Coup de cœur : 34 / Technique : 31

Commentaires :

pseudo : pap0ti

La référence concernant les cheveux roux est juste superbe ! lol "Il trouva aussi qu’à force d’habitude, les gens que nous côtoyons chaque jour nous paraissent acquis; bien qu’il faille, en réalité, leur accorder plus d’attention qu’au premier jour pour perdurer cette affection qui nous lie à eux. Cela faisait longtemps qu’ils n’avaient pas discuté ensemble et qu’il ne lui avait dit qu’il l’aimait. Il s’en voulut aussitôt." Cette partie là fait rêver, c'est justement pour cela qu'elle n'existe que dans nos rêves, à nous les filles.

pseudo : Zarathoustra

Il paraîtrait que nous réclamons de l'attention.
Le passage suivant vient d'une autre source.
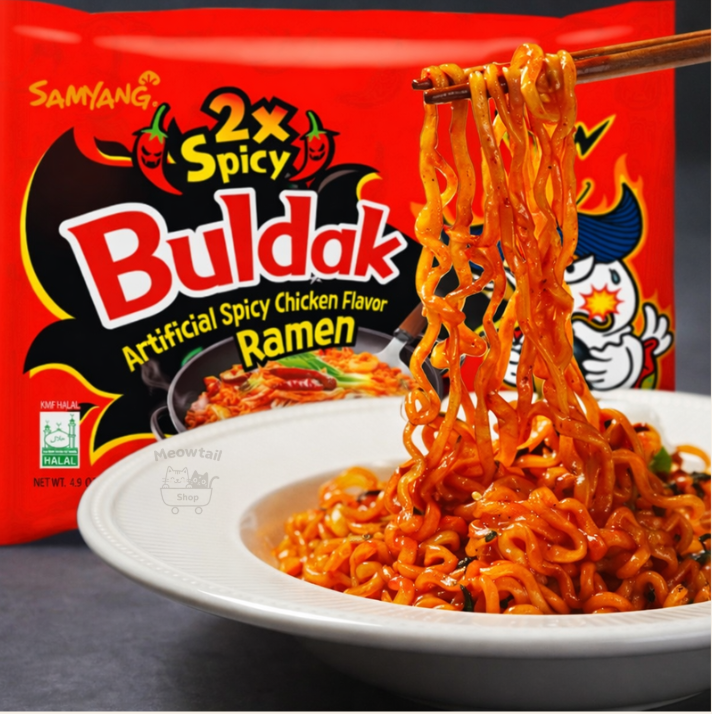 Korean Fire Noodles Challenge Bundle - 4 Flavours (Pack of 8)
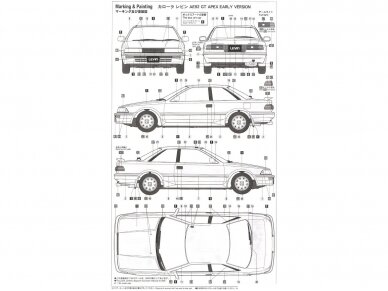 Hasegawa - Toyota Corolla Levin AE92 GT Apex Early Version (1987), 1/24, 21136 2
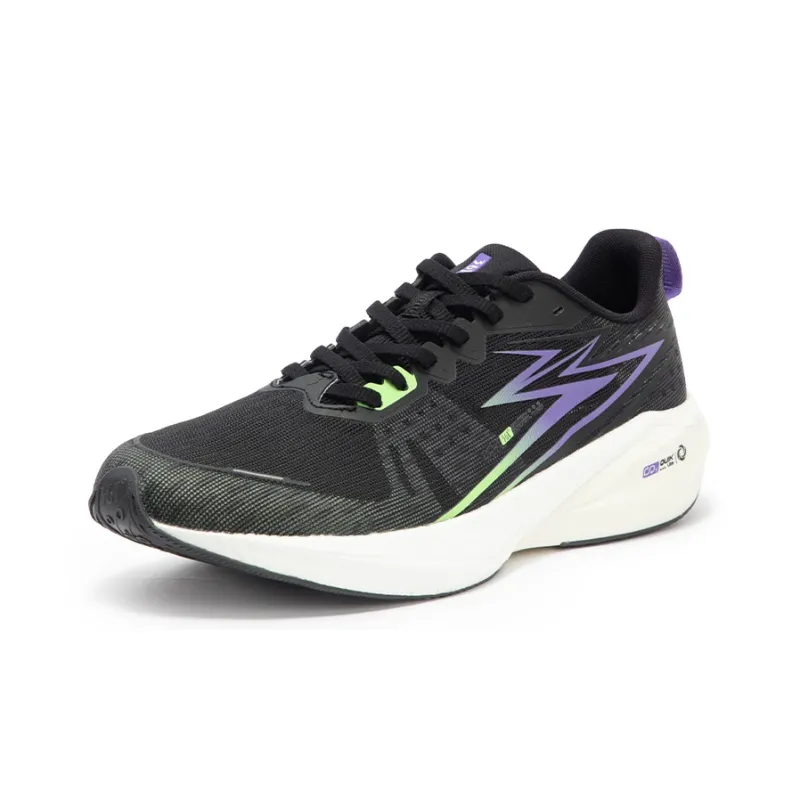 361° Cushioning Anti Slip Wear Resistant Breathability Low Top Running Shoes Men's Black Lime-1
Et bah j'assume! XD

pseudo : marina

j'adore la description qui est faite des personnages, des lieux et même des odeurs que l'on peut ressentir au travers de ce texte.La lecture est faite pour apprendre à imaginer,avec ce texte votre imagination devient débordante tellement les émotions sont si bien retraduites par les mots.Un halo de poésie accompagne ce texte qui vous porte ailleurs.C'est ce qui me plait dans la lecture, l'effet "téléportage".Il est vrai, que nous les filles nous réclamons beaucoup d'attention, mais c'est peut-être à nous de veiller à "provoquer" cette attention pour ne pas laisser aller les habitudes.